= YOUR INSTRUCTIONS =
Copy every line from the data below in which the string "rollers" can be found.

─── STORED DATA

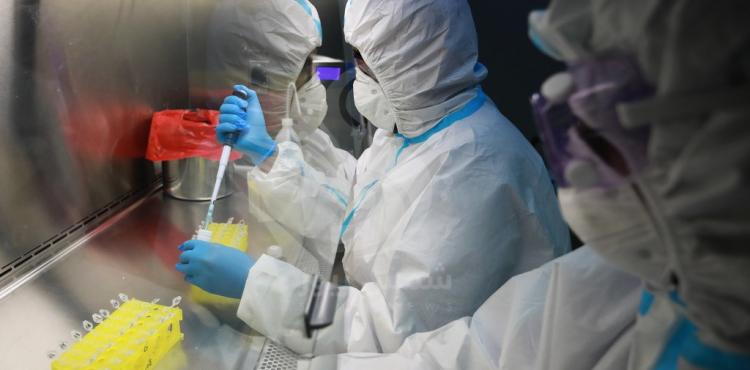 فيروس كورونا.jpg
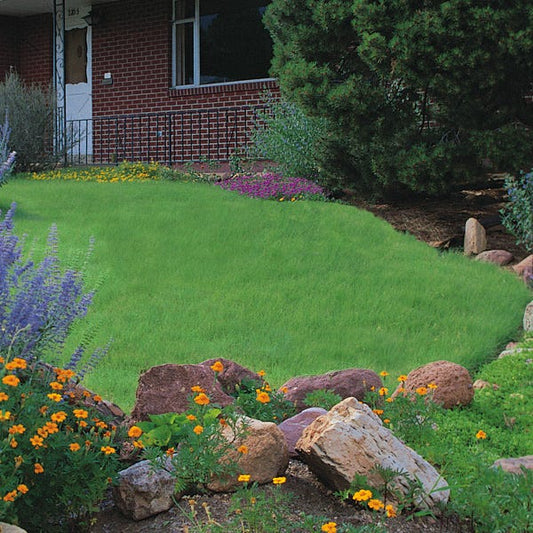  Legacy® Buffalo Grass Plugs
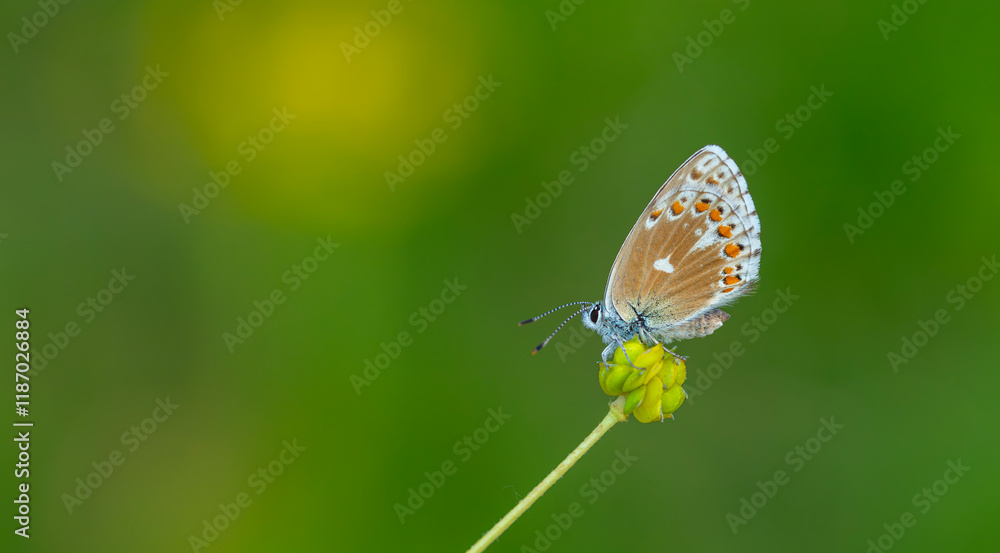 a wonderful butterfly with an overhead blue wing color, Polyommatus bellargus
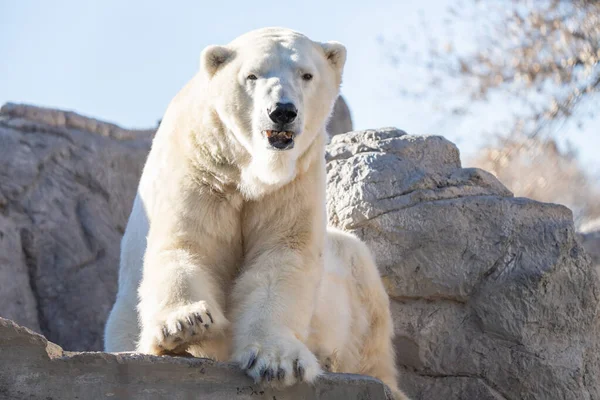 Male Polar Bear Full Grown Relaxes Rocks Sunny Day Winter — Stockfoto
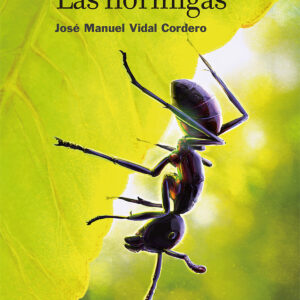 Las hormigas
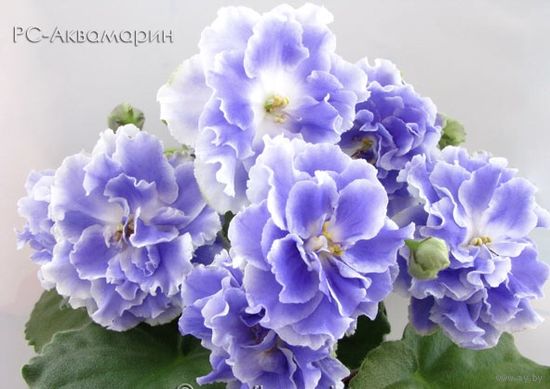 Фиалка сортовая РС -Аквамарин ( свежесрезаный лист)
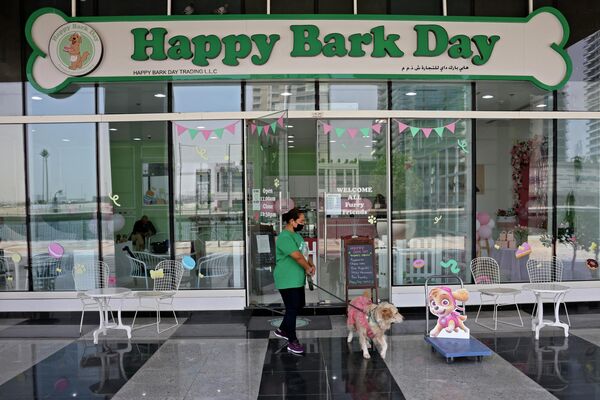  أحد مظفي مقهى للكلاب هابي بارك داي (Happy Bark Day) في دبي، يرحب يستقبل الكلاب، 30 مايو 2022 - سبوتنيك عربي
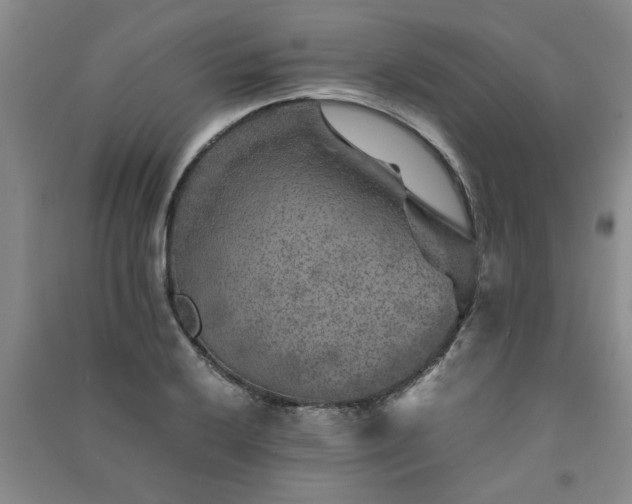 X0000091361032200708171519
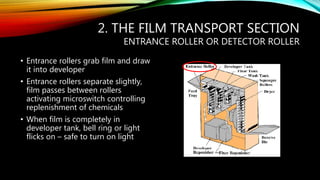 2. THE FILM TRANSPORT SECTION
ENTRANCE ROLLER OR DETECTOR ROLLER
• Entrance rollers grab film and draw
it into developer
• Entrance rollers separate slightly,
film passes between rollers
activating microswitch controlling
replenishment of chemicals
• When film is completely in
developer tank, bell ring or light
flicks on – safe to turn on light
 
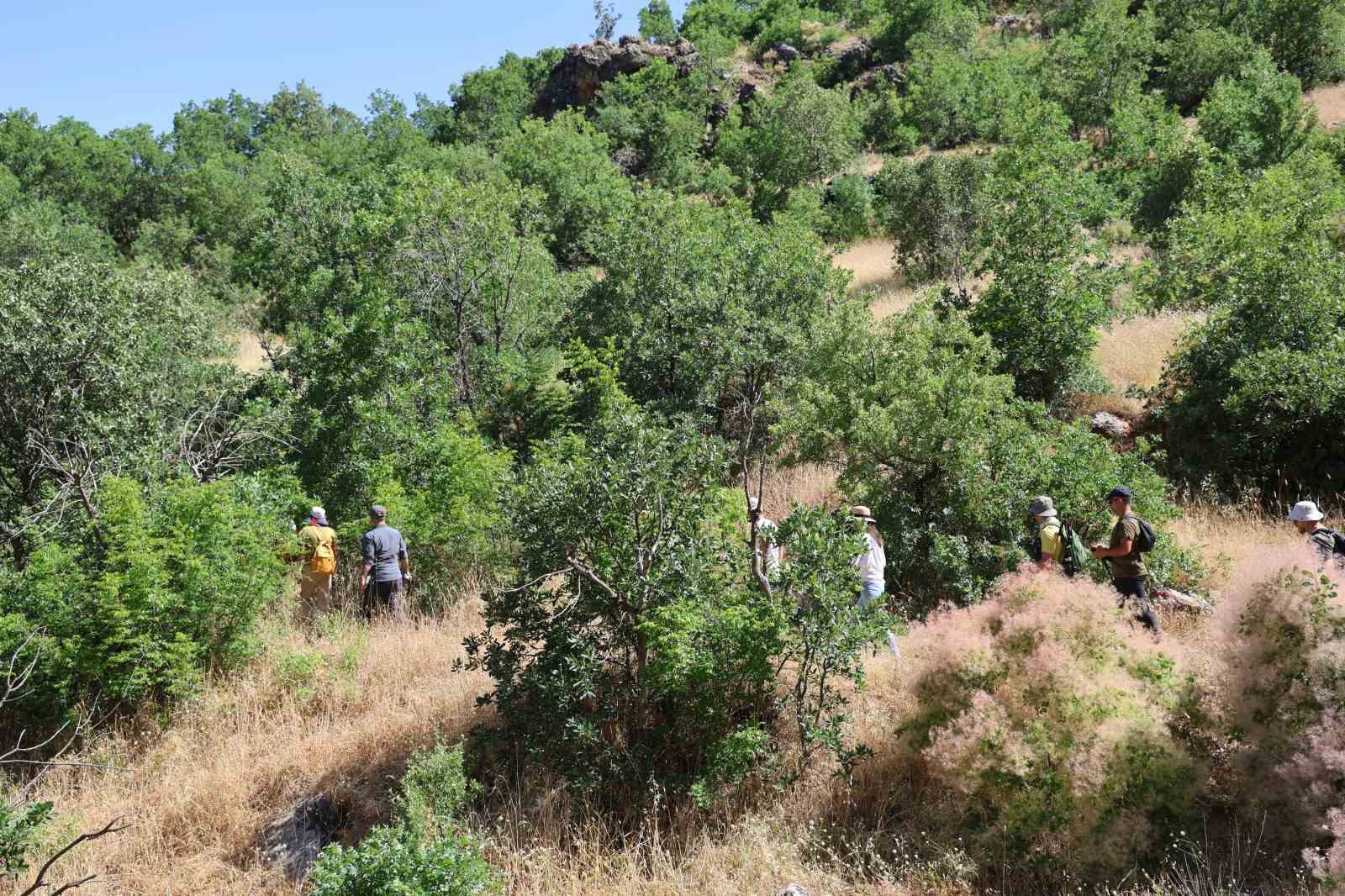 Kokartlı rehberler 541 kilometrelik Kral Yolu rotasını gezdi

──────

= ANSWER SECTION =
• Entrance rollers grab film and draw
• Entrance rollers separate slightly,
film passes between rollers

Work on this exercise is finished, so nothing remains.